Available data:
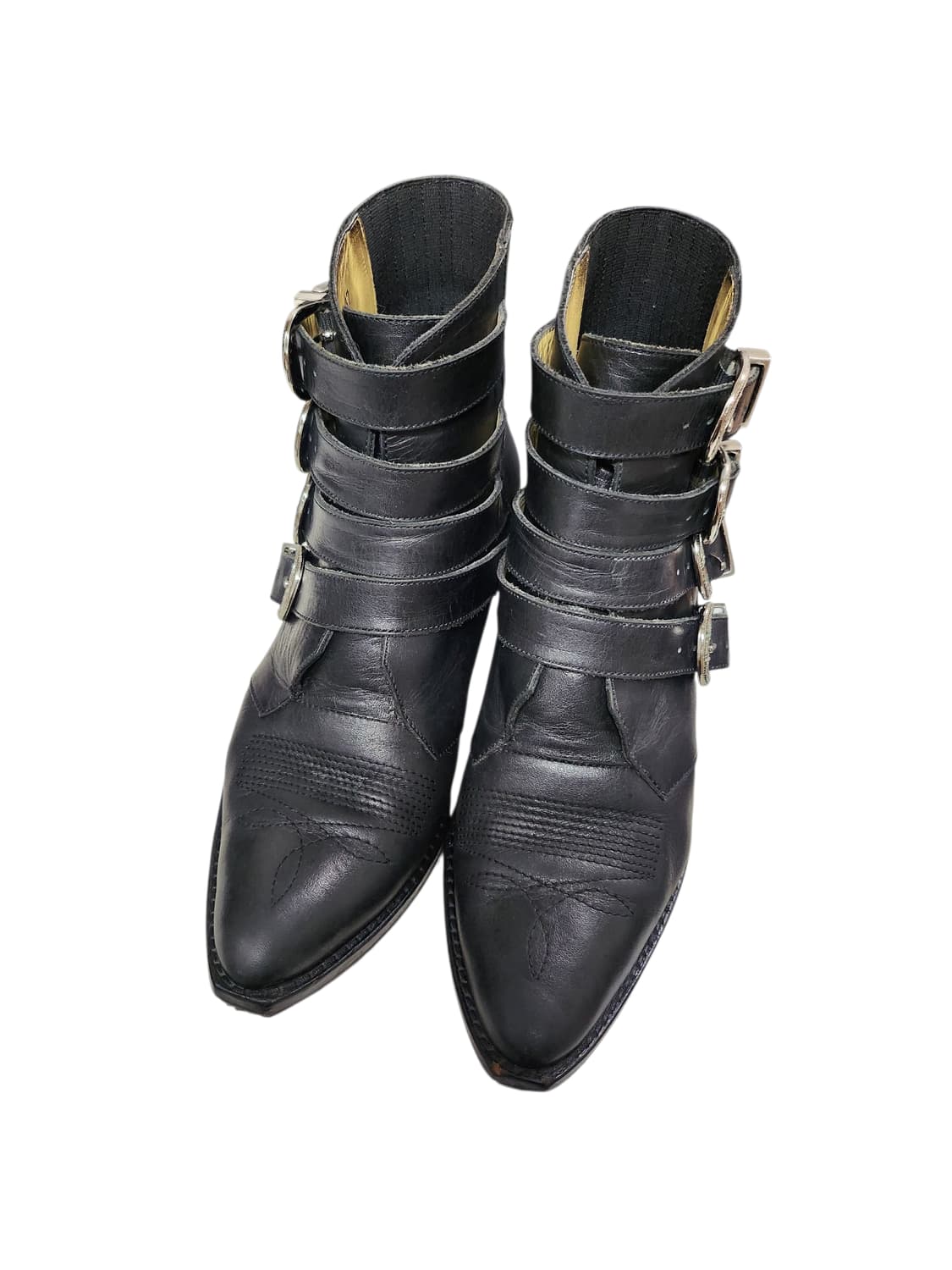 토가풀라 가죽 앵플 부츠 상품이미지3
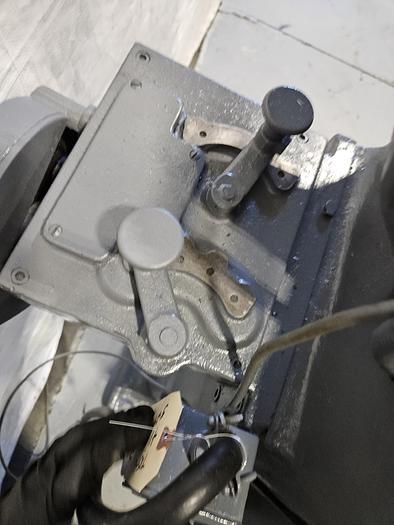 Used Van Norman No. 12 Milling Machine with Power Feed & Rotating Vise 220V 3PH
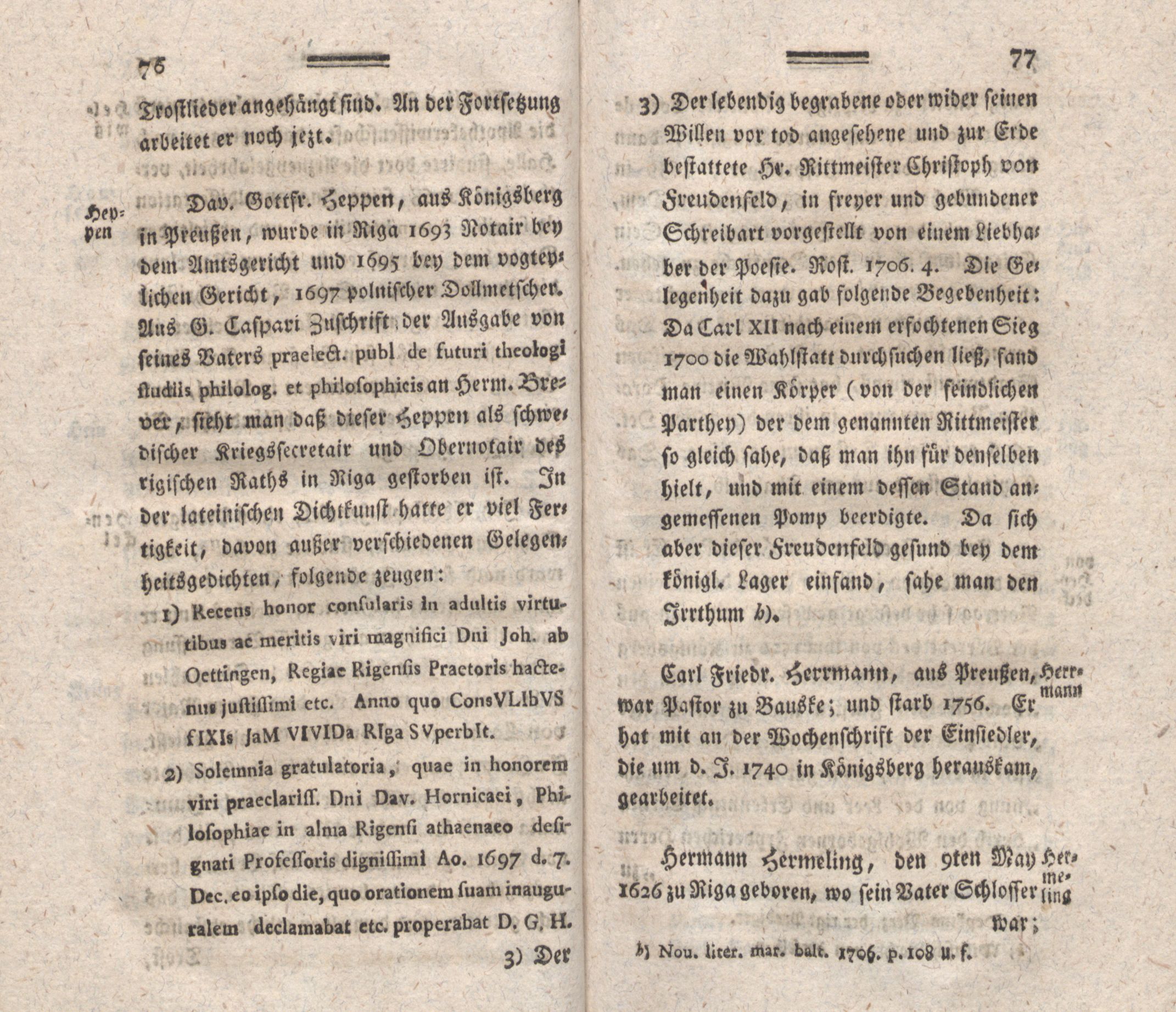 Nordische Miscellaneen [04] (1782) | 40. (76-77) Main body of text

What to do:
Copy the listing word for word, excluding its pictures.

Response area:
 토가풀라 가죽 앵플 부츠 상품이미지3
 Used Van Norman No. 12 Milling Machine with Power Feed & Rotating Vise 220V 3PH
 Nordische Miscellaneen [04] (1782) | 40. (76-77) Main body of text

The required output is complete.